__Assignment__
Your reply must be the number of lines in the entries that hold the word "https", and nothing else.

__Excerpted records__
--

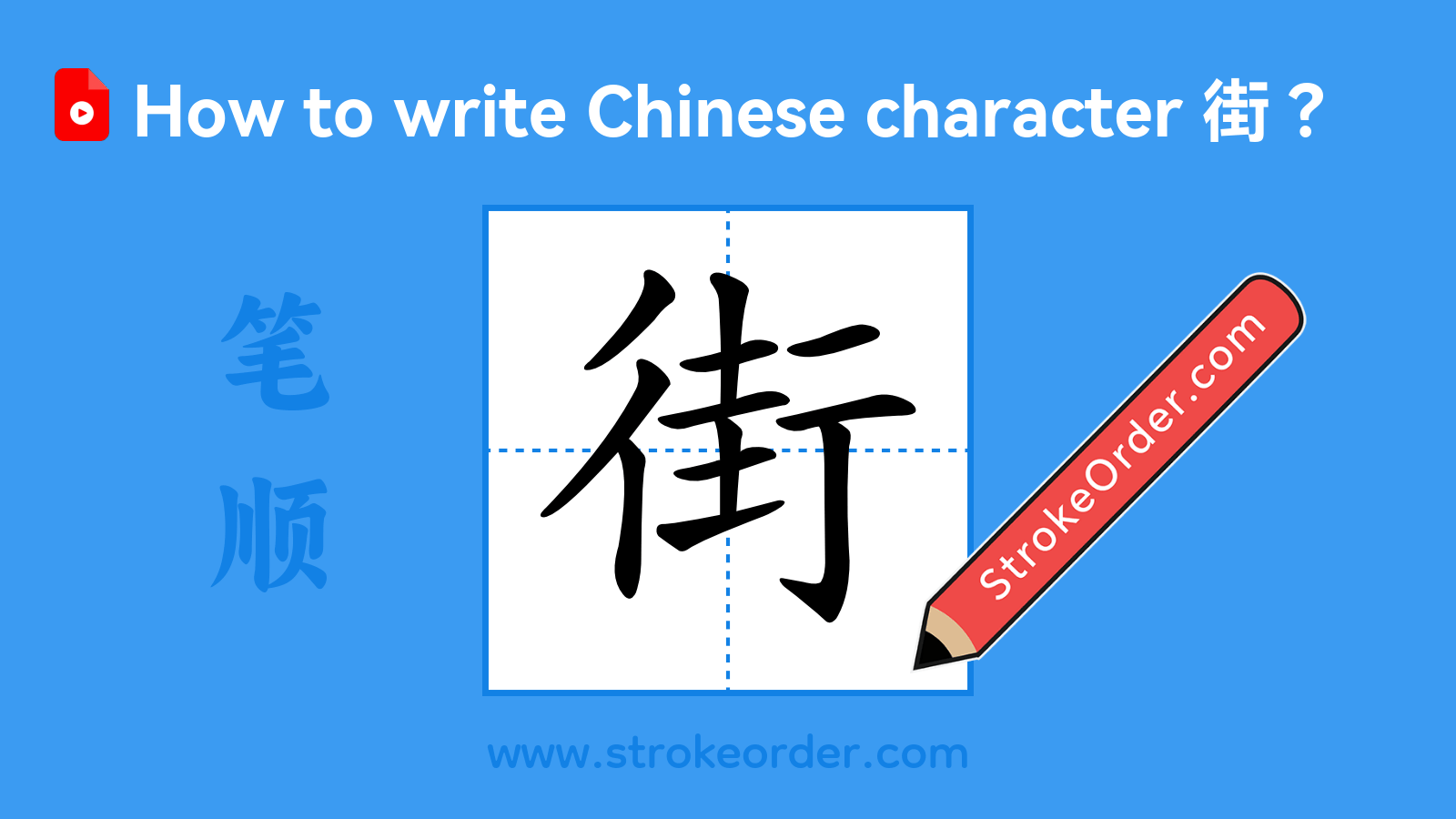 Click to play stroke order video for 街 Stroke order video of "街"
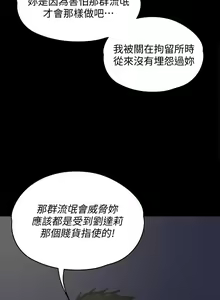 Page 1423 of 傀儡 Queen Bee 51-100 - preview thumbnail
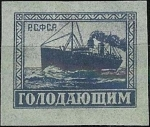 Stamps : Europe : Russia :  Barco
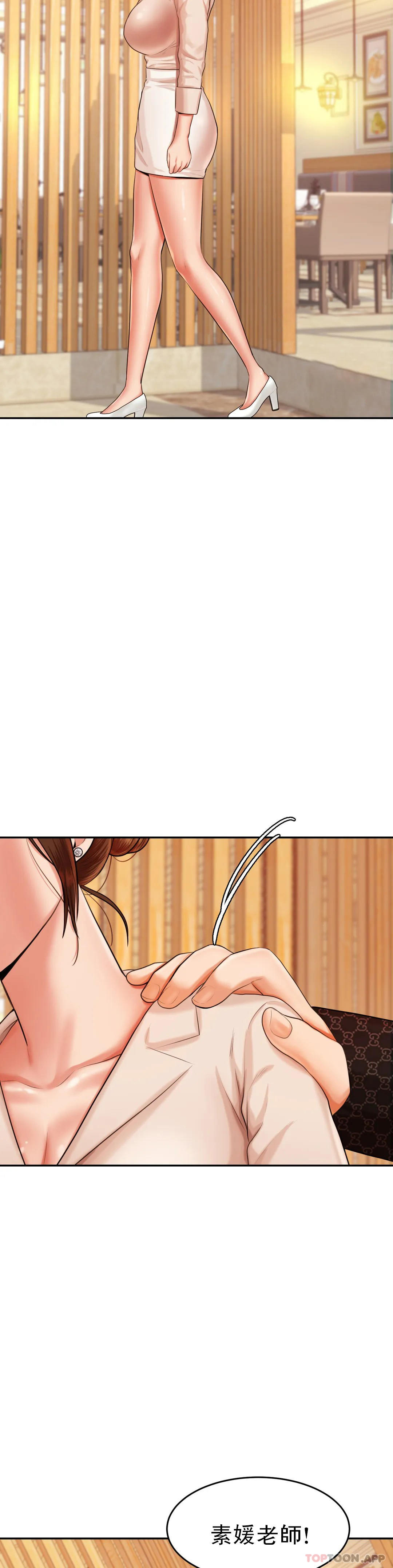 [韩国漫画] 辅导老师 校园,女学生,熟女人妻,女教师,巨乳大奶#[42P]-26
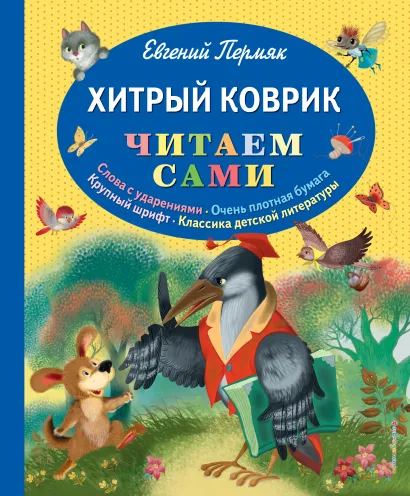 Обложка Хитрый коврик: сказки (ил. И. Панкова) Евгений Пермяк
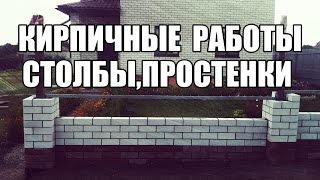 Урок№16.1."Забор с нуля".Кладка столбов и простенков.Ч-6.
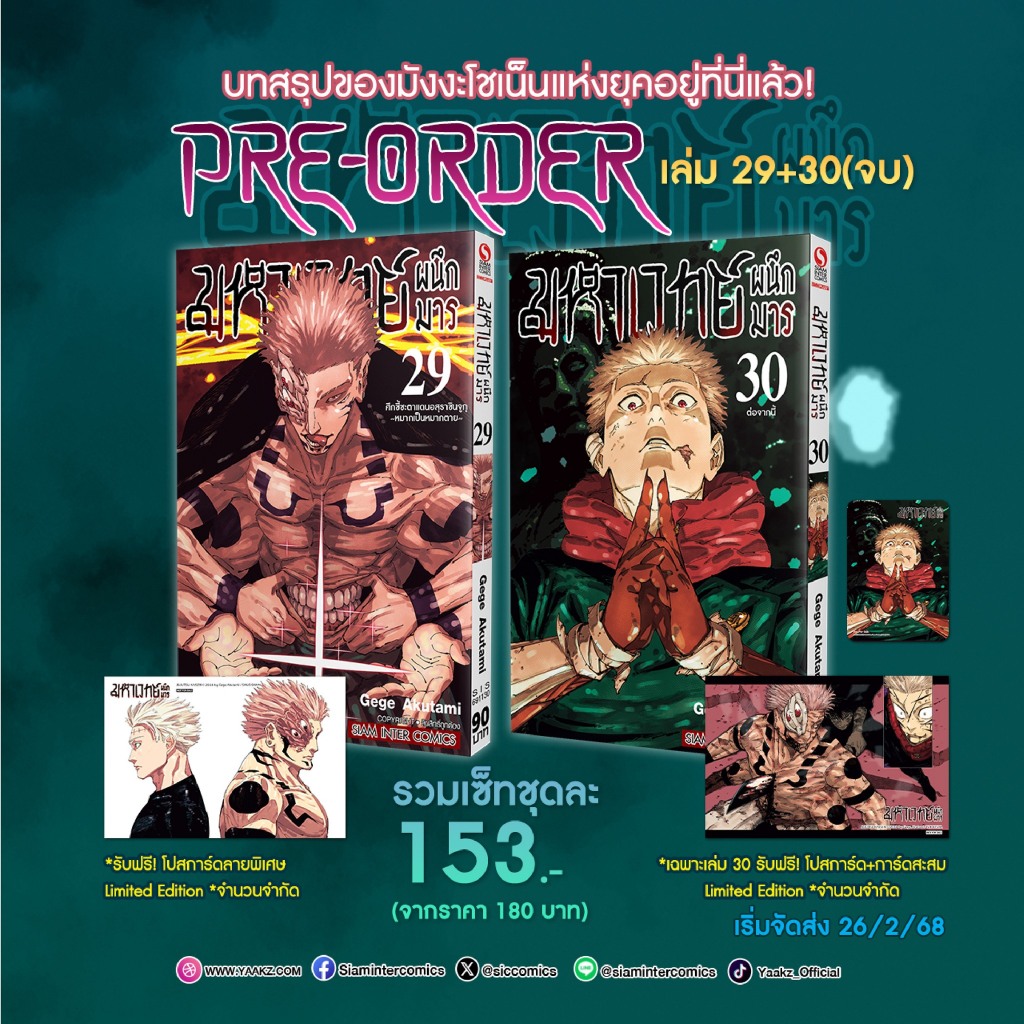 [พร้อมส่ง] มหาเวทย์ผนึกมาร เล่ม 28-30 พร้อมโปสการ์ด + การ์ดสะสม Siam Inter Comics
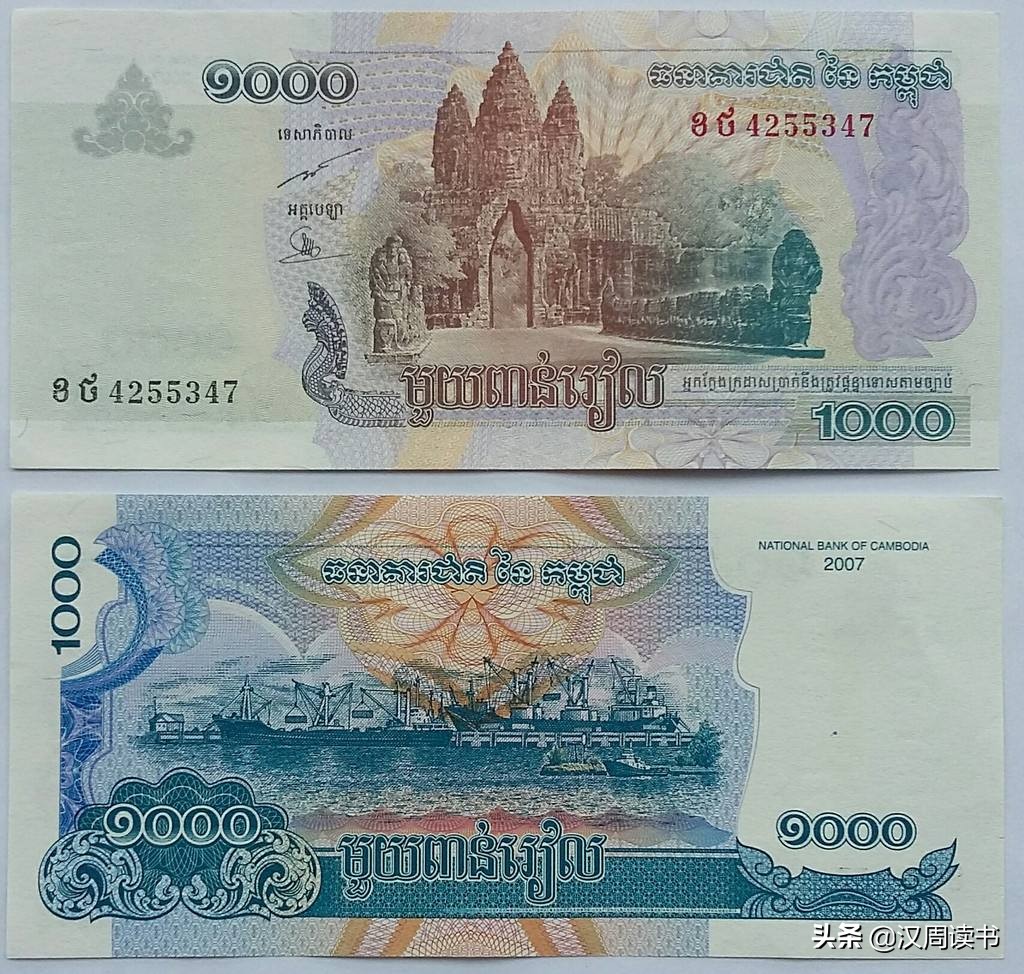 柬埔寨冷知识全集,关于柬埔寨金边的冷知识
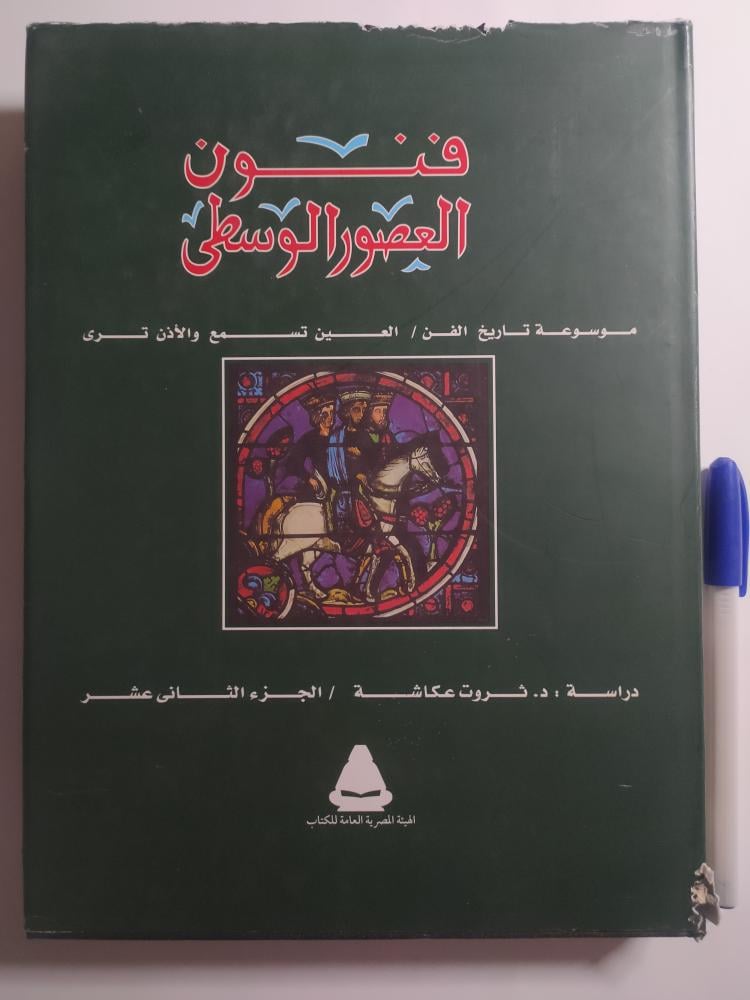 فنون العصور الوسطى : موسوعة تاريخ الفن. دراسة . د . ثروت عكاشة - الجزء الثاني عشر . غلاف مقوى . 300 صفحة مزودة بالصور والرسومات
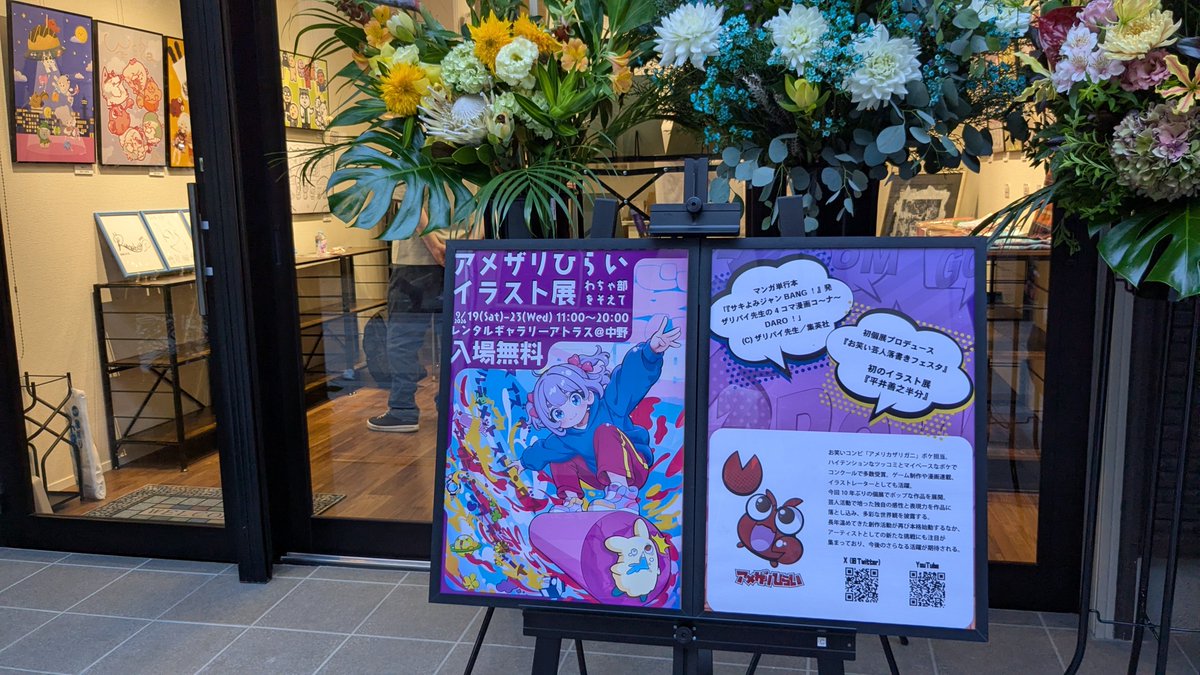 suguru_1204's tweet photo. 「アメザリひらいイラスト展わちゃ部をそえて」にプレ日にお邪魔してきましたー！！！！

https://t.co/17PbpYuEp7

可愛最強をテーマにしたイラストやアパレルグッズがいっぱいで、貴重な一点物も！！
わちゃ部のみなさんの作品も可愛かった！！

週末は、是非中野へ！！

#アメザリひらいイラスト展 https://t.co/TJIkcFZqoP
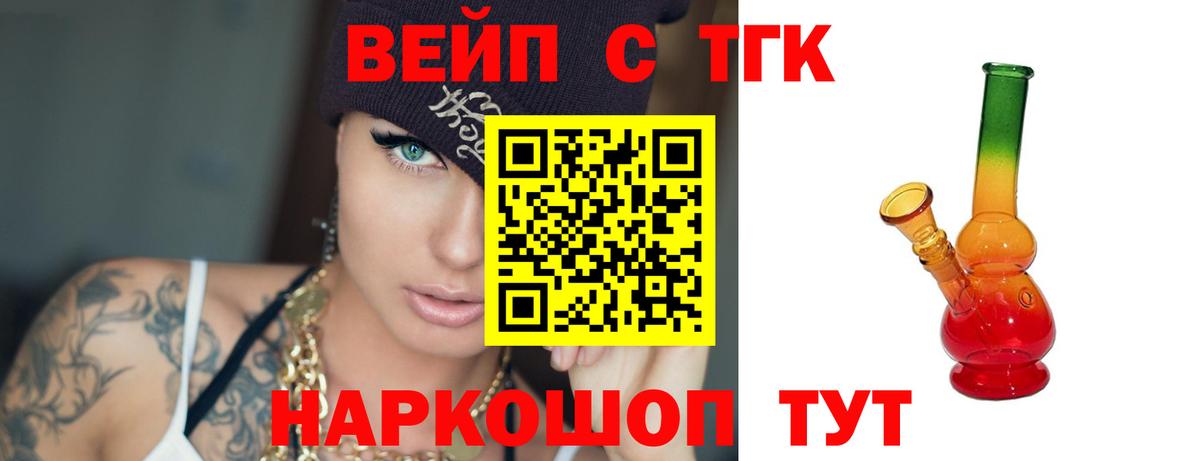 Дистиллят ТГК Wax  Дистиллят ТГК концентрат  MEGA зеркало  Вход с VPN  Кашира  наркотики 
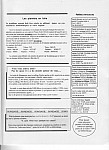 Ptimonstre 89 12-17.jpg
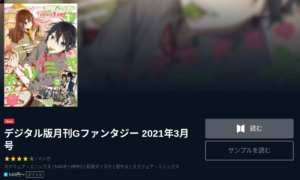 月刊gファンタジーが売ってる場所はどこ 予約方法や書店などの販売店を調査 パパママハック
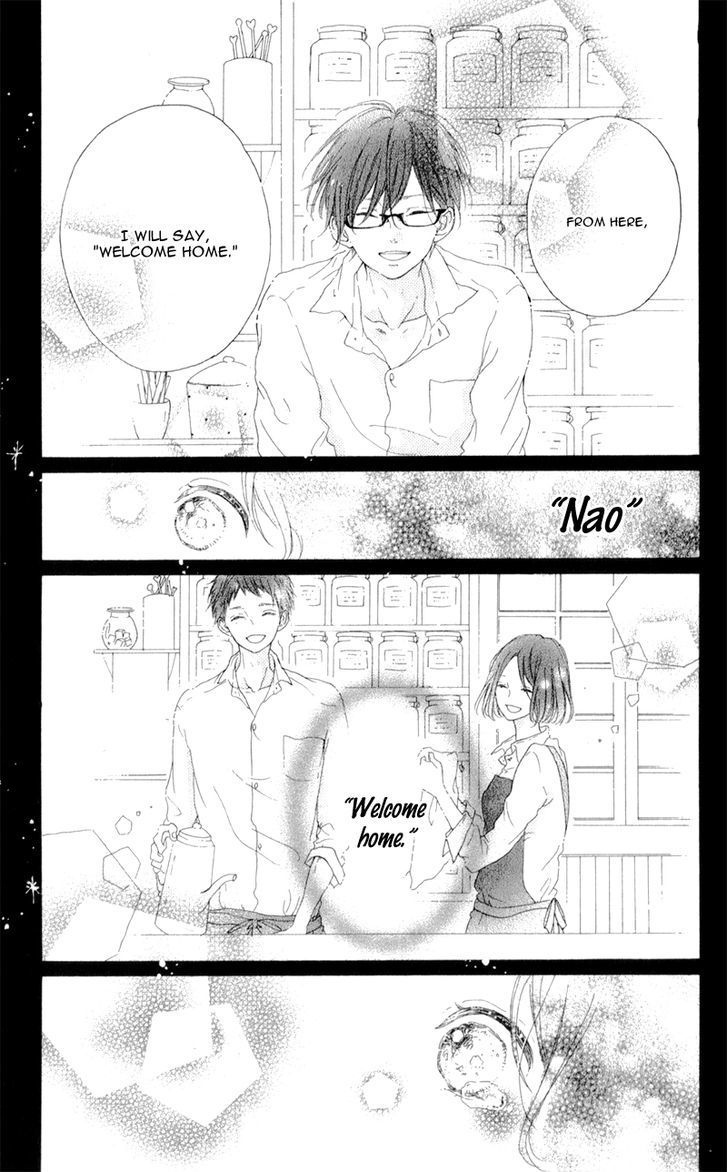 Honey (MEGURO Amu) Chapter 4 page 33 - Chapter 4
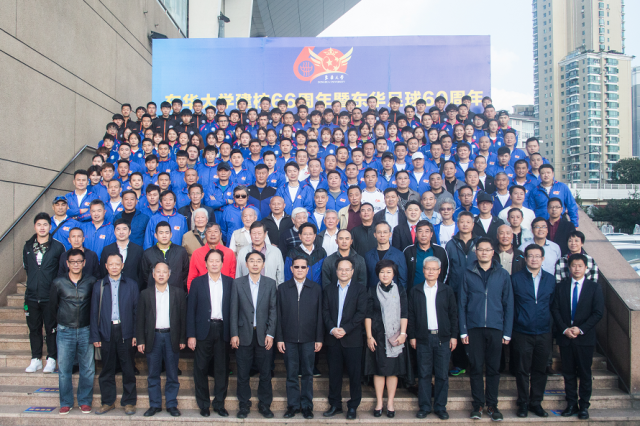 东华足球迎来发展60周年 庆典活动日前举行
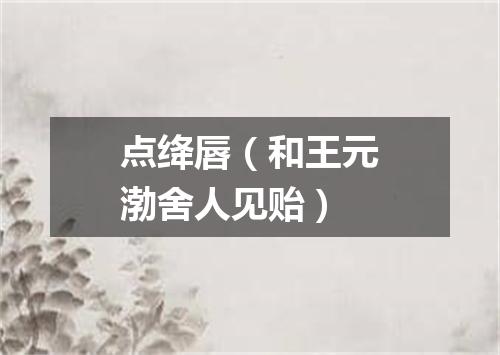 点绛唇（和王元渤舍人见贻）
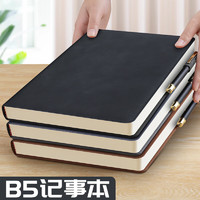 FARAMON 法拉蒙 筆記本本子B5加厚記事本商務(wù)羊巴皮面復(fù)古筆記本子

--

__Solution__
2